-- Problem requirements --
Reproduce exactly the lines below from the one containing "Property photo 1 of 32" through the one containing "Фестиваль на руинах: в", including both, and nothing else.

-- Stored data --
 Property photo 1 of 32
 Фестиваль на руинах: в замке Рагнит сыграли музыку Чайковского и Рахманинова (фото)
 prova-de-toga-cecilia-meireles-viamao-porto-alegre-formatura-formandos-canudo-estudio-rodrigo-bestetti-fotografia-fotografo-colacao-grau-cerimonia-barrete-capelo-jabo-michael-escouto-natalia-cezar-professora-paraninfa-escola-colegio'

--

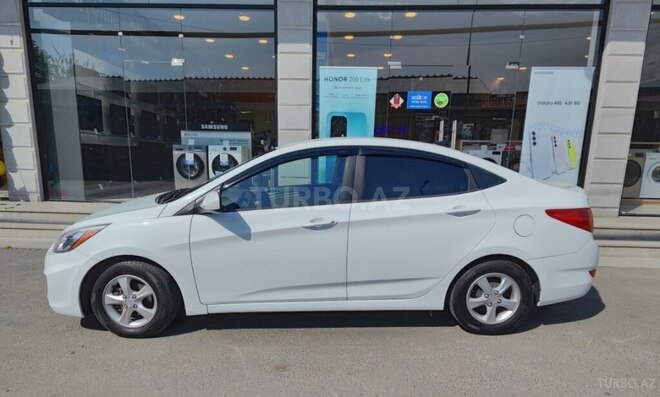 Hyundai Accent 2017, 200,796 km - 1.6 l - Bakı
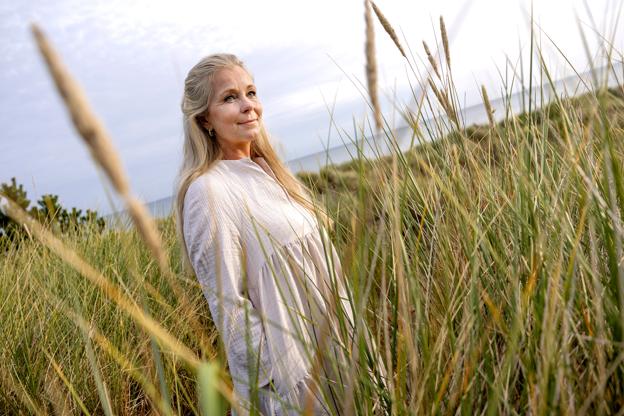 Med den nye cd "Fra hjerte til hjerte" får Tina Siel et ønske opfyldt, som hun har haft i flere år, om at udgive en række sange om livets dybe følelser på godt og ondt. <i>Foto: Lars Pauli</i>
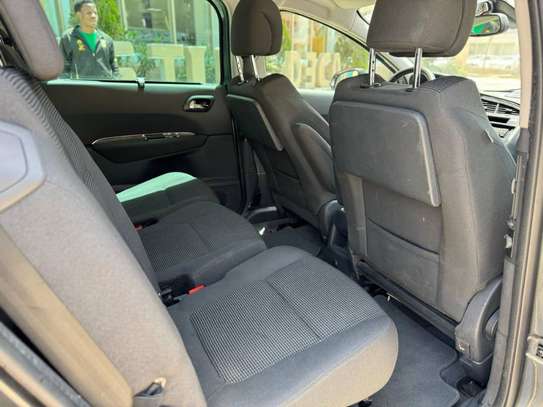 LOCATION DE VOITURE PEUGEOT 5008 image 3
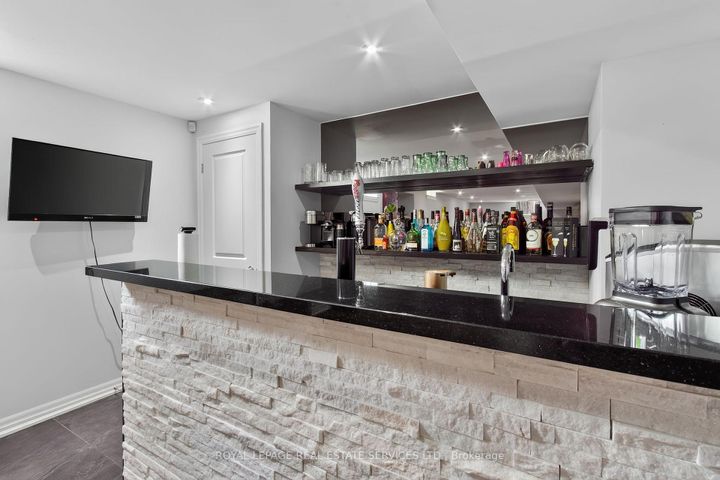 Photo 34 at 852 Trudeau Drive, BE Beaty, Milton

...

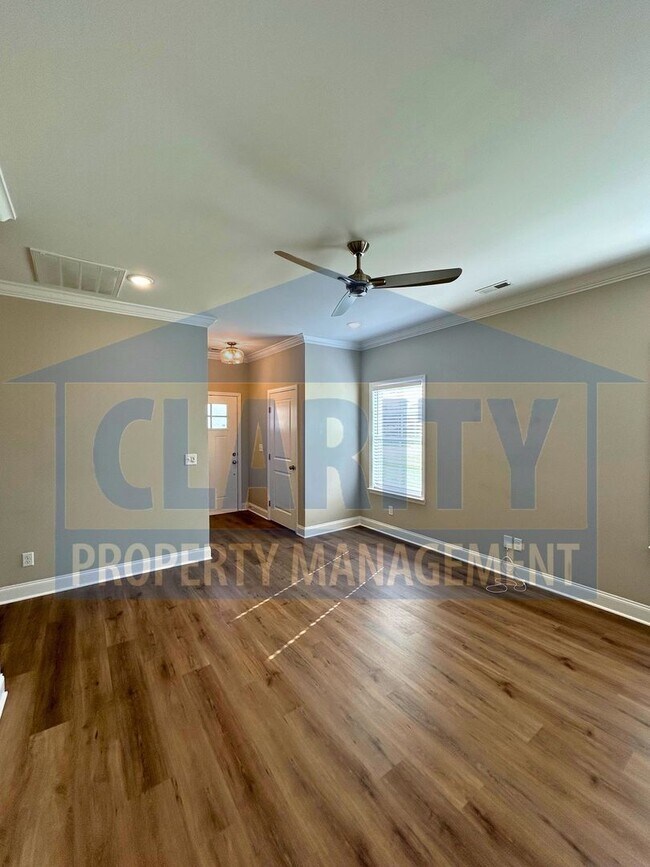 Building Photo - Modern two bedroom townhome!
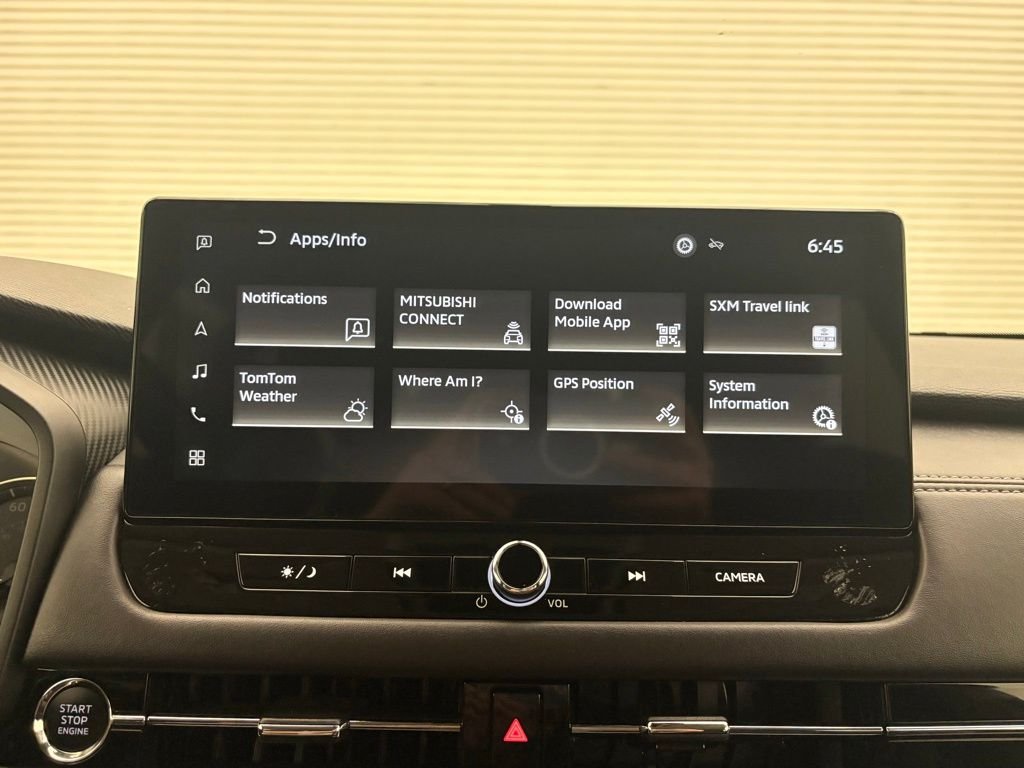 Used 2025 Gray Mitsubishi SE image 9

-- Exercise response --
 Property photo 1 of 32
 Фестиваль на руинах: в замке Рагнит сыграли музыку Чайковского и Рахманинова (фото)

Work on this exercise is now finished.